Nie:-) Ale w sumie 6.3 czy 6.8 to nie robi mi różnicy.....
Średnia z komputera 9,8. Czasem z tripa wychodzi 11-12 a raz udalo mi sie zejsc do 7,2 .
Hmmm przy manualu przy bardzo spokojnej trasie jest to mozliwe. Sam kiedys mialem 6.3 i to przy wypalanym DPFie. Wracalem wtedy z Ciechanowa do Wroclawia przy swiezo kupionym aucie nie przekraczalem 100km/h, ale kazdego tira bralem z butem w podlodze krzyczac z zachwytu jak latwo sie to robi.
A czy w automacie....? Powyżej jakiejstam predkosci (50km/h? a moze chodzi o 3 bieg?) jest LockUp, prawda? Wiec chyba daloby rade.
No ale to jest jazda mega mega oszczedna. Wiadomo, ze tak sie nie da na codzien... no i jaki bylby sens posiadania 200/210KM zeby jezdzic zawsze o kropelce?
Powyższy post został napisany przeze mnie i każde słowo dokładnie przemyślałem- jeśli czujesz się obrażony to znaczy, że albo nie rozumiesz co napisałem, albo osiągnąłem swój cel
"We have to love Alfa, it's the law!" - Richard "Hamster" Hammond
Średnia z baku. Dojazdy expresowka po 15km+5km "teren zabudowany", trochę miasta... 2.4@250KM -9.5/100
Nie, oparłem się na wskaźniku na kompie. Spieszyłem sie do roboty i nie miałem czasu tankować.
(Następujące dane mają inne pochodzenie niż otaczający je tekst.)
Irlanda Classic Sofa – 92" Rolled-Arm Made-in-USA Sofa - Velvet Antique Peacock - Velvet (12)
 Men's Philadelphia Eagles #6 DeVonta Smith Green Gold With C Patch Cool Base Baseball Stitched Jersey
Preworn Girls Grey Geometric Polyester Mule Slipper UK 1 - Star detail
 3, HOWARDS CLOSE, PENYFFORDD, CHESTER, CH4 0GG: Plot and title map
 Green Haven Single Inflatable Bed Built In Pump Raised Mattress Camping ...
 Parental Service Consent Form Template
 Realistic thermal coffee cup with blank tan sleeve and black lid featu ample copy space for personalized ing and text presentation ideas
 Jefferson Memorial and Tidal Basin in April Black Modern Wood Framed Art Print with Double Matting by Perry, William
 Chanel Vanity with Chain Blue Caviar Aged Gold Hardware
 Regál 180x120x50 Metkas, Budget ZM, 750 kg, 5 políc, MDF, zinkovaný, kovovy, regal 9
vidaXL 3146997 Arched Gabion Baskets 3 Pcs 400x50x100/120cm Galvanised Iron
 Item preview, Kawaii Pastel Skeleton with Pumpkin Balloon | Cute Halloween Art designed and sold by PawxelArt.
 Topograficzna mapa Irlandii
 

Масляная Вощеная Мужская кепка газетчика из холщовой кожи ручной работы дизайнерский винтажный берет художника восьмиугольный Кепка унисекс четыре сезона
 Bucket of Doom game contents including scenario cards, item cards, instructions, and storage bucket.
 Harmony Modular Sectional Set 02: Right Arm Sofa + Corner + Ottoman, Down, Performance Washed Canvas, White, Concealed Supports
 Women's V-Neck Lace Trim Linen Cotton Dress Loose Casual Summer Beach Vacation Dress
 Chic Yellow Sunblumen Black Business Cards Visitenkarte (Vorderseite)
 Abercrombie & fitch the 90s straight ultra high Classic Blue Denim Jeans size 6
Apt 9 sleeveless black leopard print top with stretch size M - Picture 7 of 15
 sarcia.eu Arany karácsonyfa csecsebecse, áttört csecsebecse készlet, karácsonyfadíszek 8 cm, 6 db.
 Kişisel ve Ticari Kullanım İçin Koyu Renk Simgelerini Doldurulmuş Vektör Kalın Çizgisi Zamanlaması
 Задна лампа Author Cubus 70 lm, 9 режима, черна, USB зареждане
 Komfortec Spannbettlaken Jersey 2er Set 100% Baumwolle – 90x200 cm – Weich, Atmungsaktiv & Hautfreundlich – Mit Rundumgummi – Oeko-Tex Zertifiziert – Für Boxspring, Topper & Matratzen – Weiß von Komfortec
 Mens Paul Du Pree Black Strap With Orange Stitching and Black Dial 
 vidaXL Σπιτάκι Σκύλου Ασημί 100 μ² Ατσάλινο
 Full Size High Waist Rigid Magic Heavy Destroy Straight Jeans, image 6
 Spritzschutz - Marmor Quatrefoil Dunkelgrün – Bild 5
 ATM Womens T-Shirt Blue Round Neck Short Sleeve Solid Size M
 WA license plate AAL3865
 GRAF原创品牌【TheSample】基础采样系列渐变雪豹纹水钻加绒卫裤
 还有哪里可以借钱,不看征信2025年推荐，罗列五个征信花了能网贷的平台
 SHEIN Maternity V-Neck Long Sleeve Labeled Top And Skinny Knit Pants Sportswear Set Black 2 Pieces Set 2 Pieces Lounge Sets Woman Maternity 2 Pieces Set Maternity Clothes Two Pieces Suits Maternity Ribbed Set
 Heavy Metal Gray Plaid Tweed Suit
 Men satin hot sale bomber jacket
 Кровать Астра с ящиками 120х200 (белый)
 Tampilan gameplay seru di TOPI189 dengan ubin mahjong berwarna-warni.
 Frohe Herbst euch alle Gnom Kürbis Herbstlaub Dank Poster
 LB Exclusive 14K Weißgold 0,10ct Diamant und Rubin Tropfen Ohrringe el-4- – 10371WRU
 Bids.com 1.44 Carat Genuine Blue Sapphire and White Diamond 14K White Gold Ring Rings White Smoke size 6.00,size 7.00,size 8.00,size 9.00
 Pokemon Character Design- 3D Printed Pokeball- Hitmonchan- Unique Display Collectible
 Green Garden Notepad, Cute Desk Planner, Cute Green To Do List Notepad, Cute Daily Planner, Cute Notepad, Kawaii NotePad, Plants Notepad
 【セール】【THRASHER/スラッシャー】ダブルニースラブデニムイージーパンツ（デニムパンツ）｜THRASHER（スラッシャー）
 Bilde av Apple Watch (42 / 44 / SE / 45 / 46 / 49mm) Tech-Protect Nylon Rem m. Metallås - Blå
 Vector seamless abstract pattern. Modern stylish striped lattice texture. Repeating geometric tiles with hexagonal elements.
W automacie jest lockup, załącza się powyżej 50 km/h a zimą jak olej jest zimny przy 80. Stąd jest różnica w spalaniu między manualem a automatem.
Jaki sens? Jechałem w miarę normalnie, od czasu do czasu wyprzedziłem tira z butem w podłodze i w terenie zabudowanym max 60.
Wcześniej zejść poniżej 8 l/100km był cud. Dodam że miałem uszkodzony kolektor ssący(2 klapy zatarte w pozycji zamkniętej i luz na oście od aktywatora gdzie miałem przedmuch.
DPF wypalał się co 250-300 km, teraz nie wiem bo za krótko jechałem żeby sprawdzić.
Jechałem częściowo na trybie manualnym(jak widziałem że nie bede przyspieszał a automat nie chciał przewalić biegu przy 90 zmieniałem go ręcznie)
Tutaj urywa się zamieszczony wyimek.